[Date Prev][Date Next][Thread Prev][Thread Next][Date Index][Thread Index]
Re: [Qemu-devel] [PATCH v3 2/2] Xen: Use the ioreq-server API when avail
|
From: |
Stefano Stabellini |
|
Subject: |
Re: [Qemu-devel] [PATCH v3 2/2] Xen: Use the ioreq-server API when available |
|
Date: |
Wed, 15 Oct 2014 15:37:53 +0100 |
|
User-agent: |
Alpine 2.02 (DEB 1266 2009-07-14) |
On Wed, 15 Oct 2014, Paul Durrant wrote:
> The ioreq-server API added to Xen 4.5 offers better security than
> the existing Xen/QEMU interface because the shared pages that are
> used to pass emulation request/results back and forth are removed
> from the guest's memory space before any requests are serviced.

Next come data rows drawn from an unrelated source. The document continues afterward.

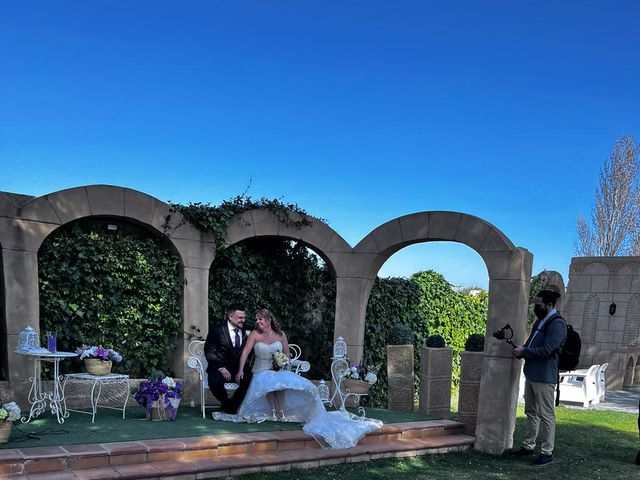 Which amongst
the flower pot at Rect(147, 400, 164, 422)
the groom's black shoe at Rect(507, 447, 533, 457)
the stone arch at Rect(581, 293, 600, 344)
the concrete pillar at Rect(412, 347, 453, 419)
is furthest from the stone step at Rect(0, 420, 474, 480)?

> This prevents the guest from mapping these pages (they are in a
> well known location) and attempting to attack QEMU by synthesizing
> its own request structures. Hence, this patch modifies configure
> to detect whether the API is available, and adds the necessary
> code to use the API if it is.
>
> Signed-off-by: Paul Durrant <address@hidden>
The patch is OK, so you can add my Acked-by.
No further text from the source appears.